Questions on 4 piece rods

yep, it's for covering wraps.
 
afishinado wrote:
No one should drag your rod sections through the mud or sand, but I've never seen a rod returned because the ferrules were worn. I've seen many rods returned for repair because of stuck ferrules and ferrules broken when they came apart while casting or fighting a fish. I've used wax for decades and have never had any problems since, with either stuck or loose ferrules.

Finally, the major rod companies like Sage, Orvis and others recommend that paraffin be used on the ferrules. Some rod companies even give a container of wax to customers when they buy a new rod. Check out their sites.

Thanks for the information. That is really interesting to me since it goes against everything I thought was true. In fact, I thought that the theory behind stuck ferrules was that a bit of dirt or sand got on the ferrule and caused the jam. Anyway, I checked out some sites as you suggested and you were, of course, correct. I was surprised to see Orvis selling ferrule wax and recommending it. Sage likewise suggest the use of wax, and Scott (I think it was Scott but I neglected to save the link) suggested that wax was bad, but their special ferrule lube was okay.
I did find a lot of disagreement on the net with a lot of people making strong statements both ways, but that is pretty typical and meaningless. A lot of manufactures (e.g. LL Bean, TFO, Hardy) appeared to be silent on the topic. I did find the following from Winston to be interesting LINK :

"SHOULD I USE WAX ON MY FERRULES?
There is no right or wrong answer to this question. Many experienced fly fishers insist on this practice. Also, many experienced fly fishers insist against this practice. If the wax is applied and then cleaned after every other use on a consistent basis then we believe this can extend the life of the ferrule. Otherwise, the wax simply attracts dust and grime and can actually shorten the life of the ferrule."

So there is no right or wrong answer, but cleaning the wax off when you break down the rod is probably a good idea. I should point out that no one I came across suggested using wax on a new rod to keep the rod from casting apart. It was always suggested as a lubricant to prevent stuck ferrules. I still maintain that a properly designed ferrule should have a sufficient friction fit that it will not need anything applied to it, so if I bought a new 4 piece rod and it cast apart on me I would return it.
 
I don't know if the paraffin wax helps or hurts the casting apart issue. I know I've always used it, and I think it helps both assembly and dis-assembly. However, being that I've always used it, I don't know for sure?

I do know that the times I had the rod cast apart were probably my fault. Once I took the time to reconnect it correctly... no more issues that trip.
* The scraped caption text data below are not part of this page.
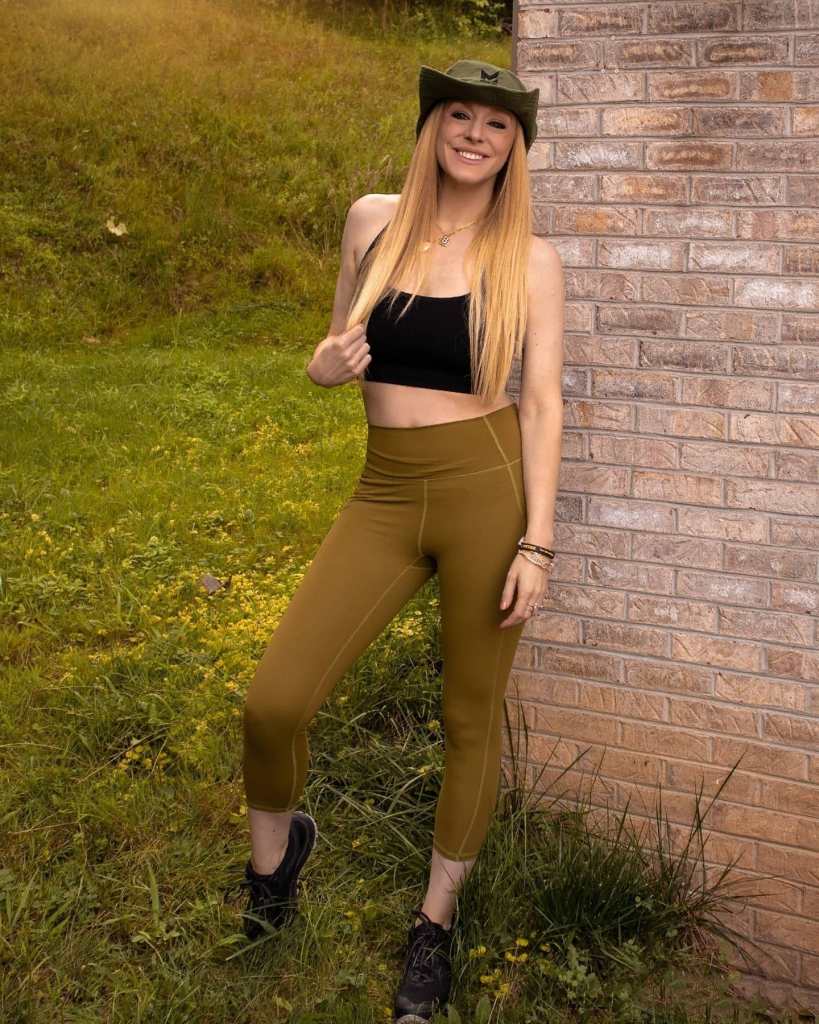 Olive Green High-Waisted Leggings With Bucket Hat and Black Crop Top Olive Green High-Waisted Leggings With Bucket Hat and Black Crop Top — Trendy Green Leggings Outfit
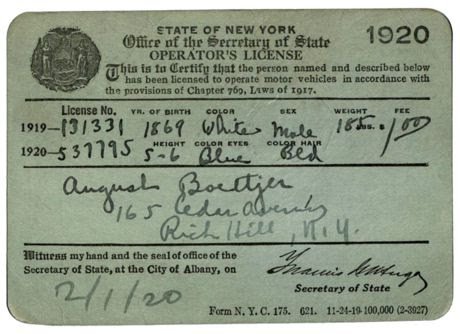 Удостоверение американского водителя в 1920 году. Фото: xoxol-xoxlovich.livejournal.com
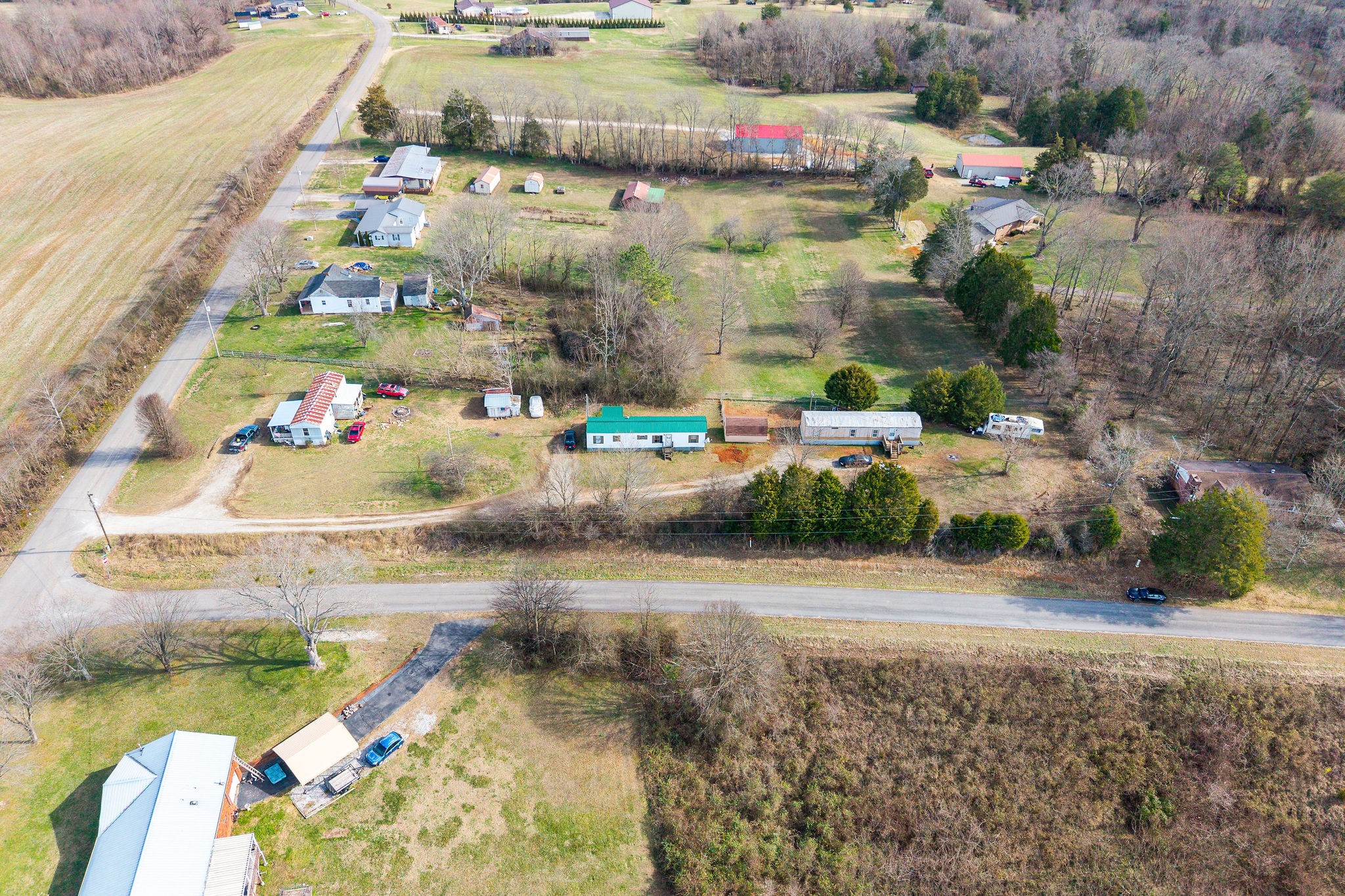 787 Pine Thickett Road Sparta, TN 38583 - Photo 3 of 18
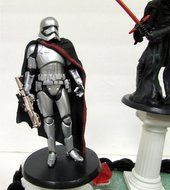 STAR WARS 22 Piece Birthday Cake Topper Featuring 6 Star Wars Figures and Decorative Themed Accessories N4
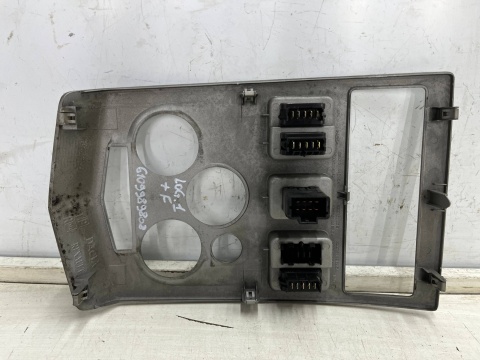 Deska rozdzielcza Dacia Logan 1 I MCV konsola środkowa deski ramka obudowa radia dekor 8200751186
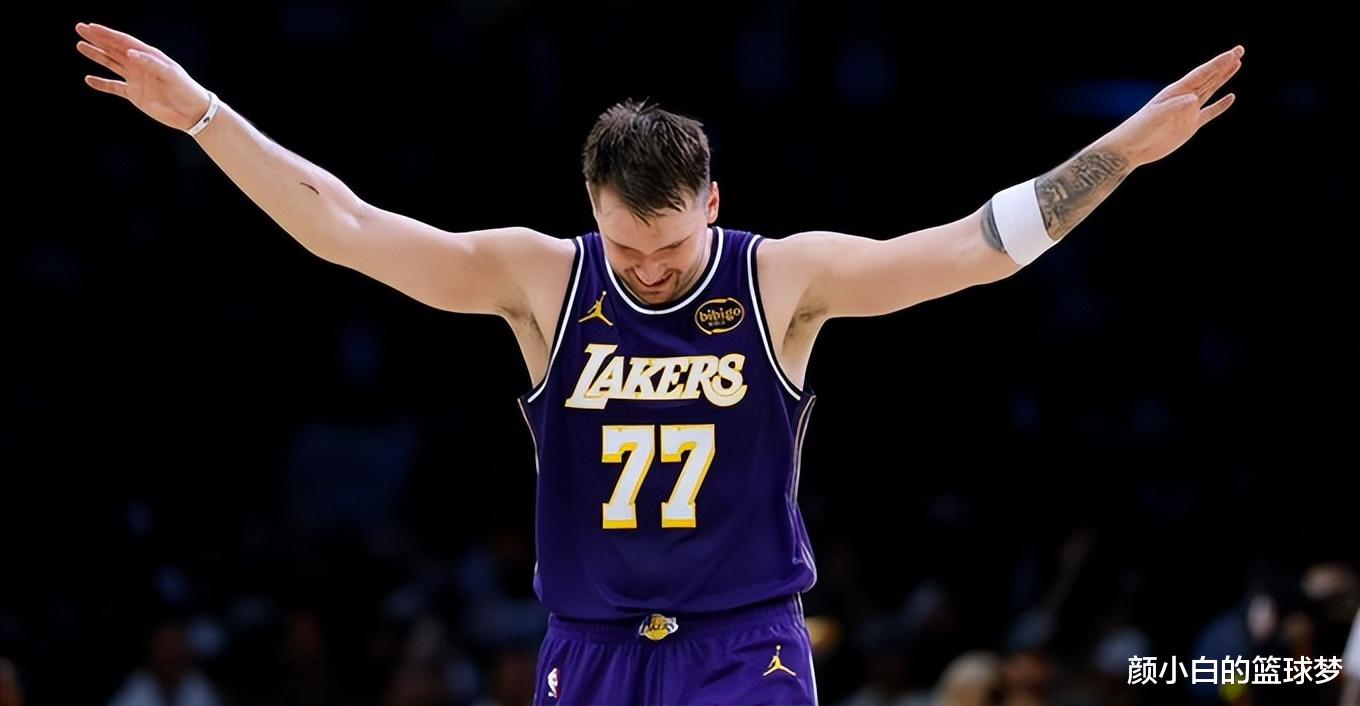 轰43+7又刷八纪录！东契奇多次露出灿烂笑容 湖人6连客5胜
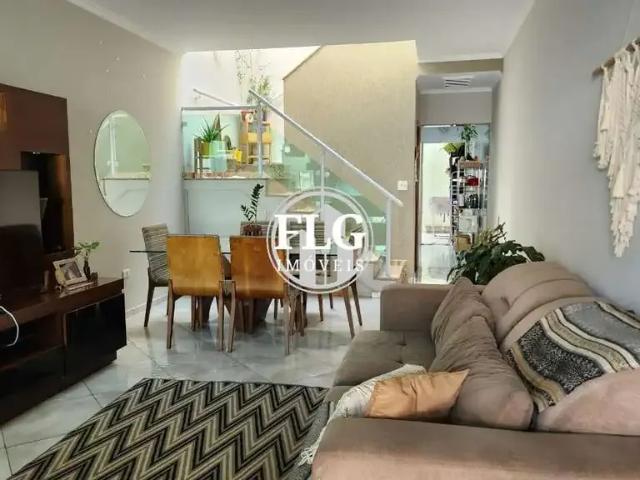 Casa / Sobrado para Venda em São Paulo/SP Água Rasa 3 Quartos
My concern with a 4 piece rod is that I would have two more chances to screw up. :lol:
 
I almost exclusively use 2 piece rods. Just my taste. I have never once casted a rod apart or had a section stick. Never put wax on the furles either. I just give them a good wipe/rub down every now an again. Seems to work for me.
 
Yet another reason to not fish plastic rods, have never had a cane rod come apart mid-cast.
 
I prefer 2 piece rods. Four piece rods are a pain in the butt to me. Just more stuff to come apart and mis-align in IMHO. Hard to transport a 2 piece rod? I don't do air travel to fish, and never owned a vehicle that couldn't carry a 2 piece rod.

 
outsider wrote:
I prefer 2 piece rods. Four piece rods are a pain in the butt to me. Just more stuff to come apart and mis-align in IMHO. Hard to transport a 2 piece rod? I don't do air travel to fish, and never owned a vehicle that couldn't carry a 2 piece rod.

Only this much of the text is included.